What the exercise asks: Leave out the pictures and retype, exactly, the lines below from the line with "WeinWegGols, Schauweingarten" up to and including the line with "Aluminum Plant - Shop Online!", nothing more.

Dataset records:
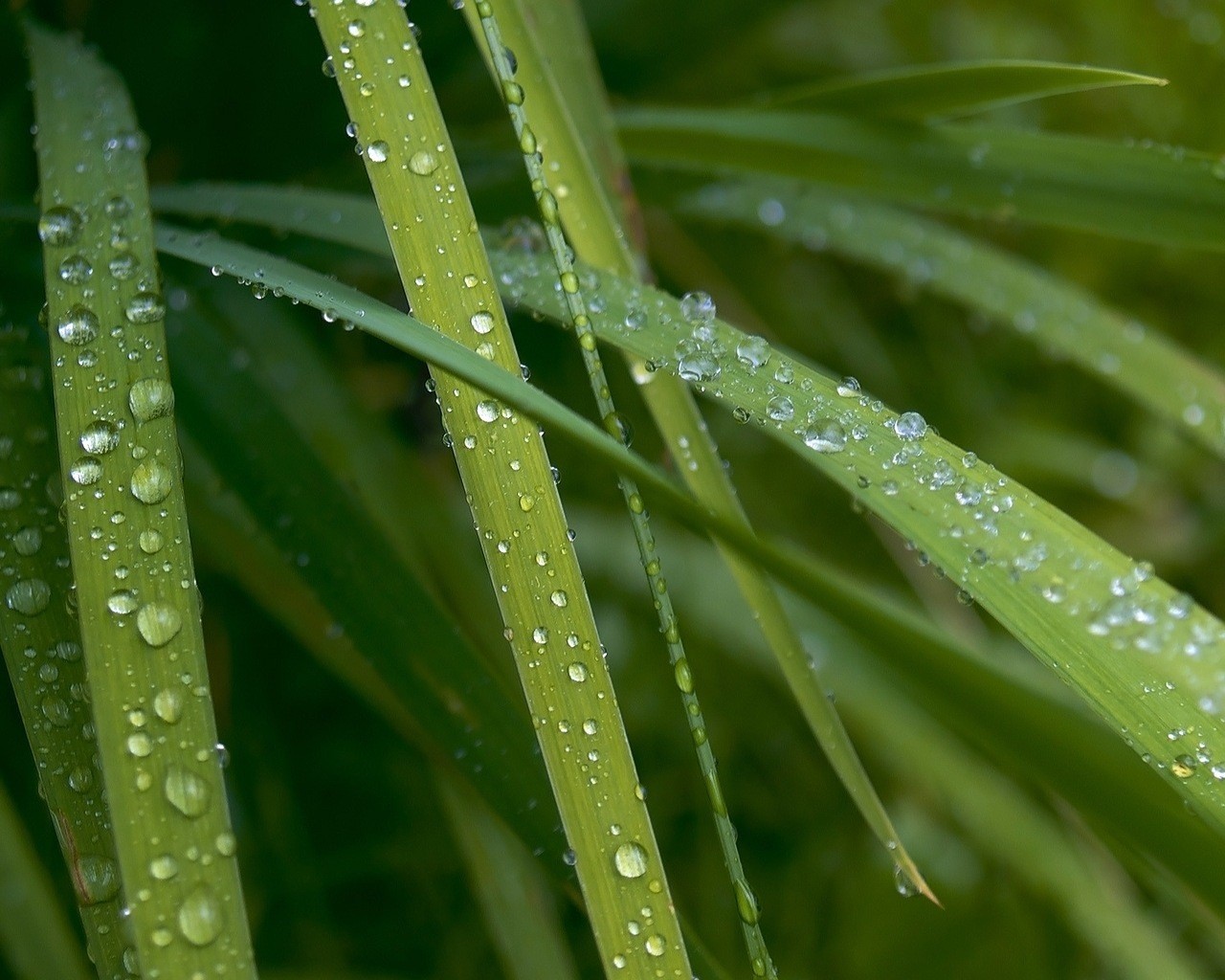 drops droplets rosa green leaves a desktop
--
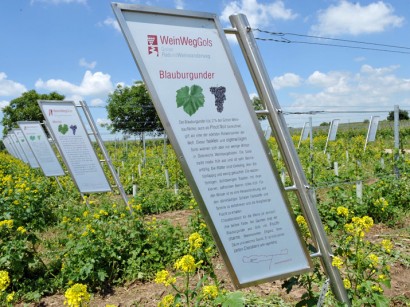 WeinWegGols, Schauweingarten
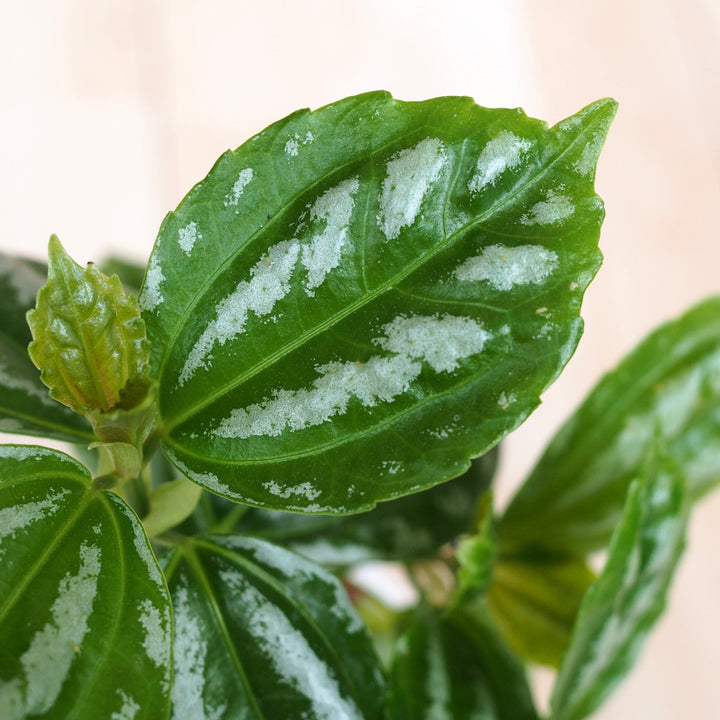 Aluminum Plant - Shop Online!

Answer space:
 WeinWegGols, Schauweingarten
 Aluminum Plant - Shop Online!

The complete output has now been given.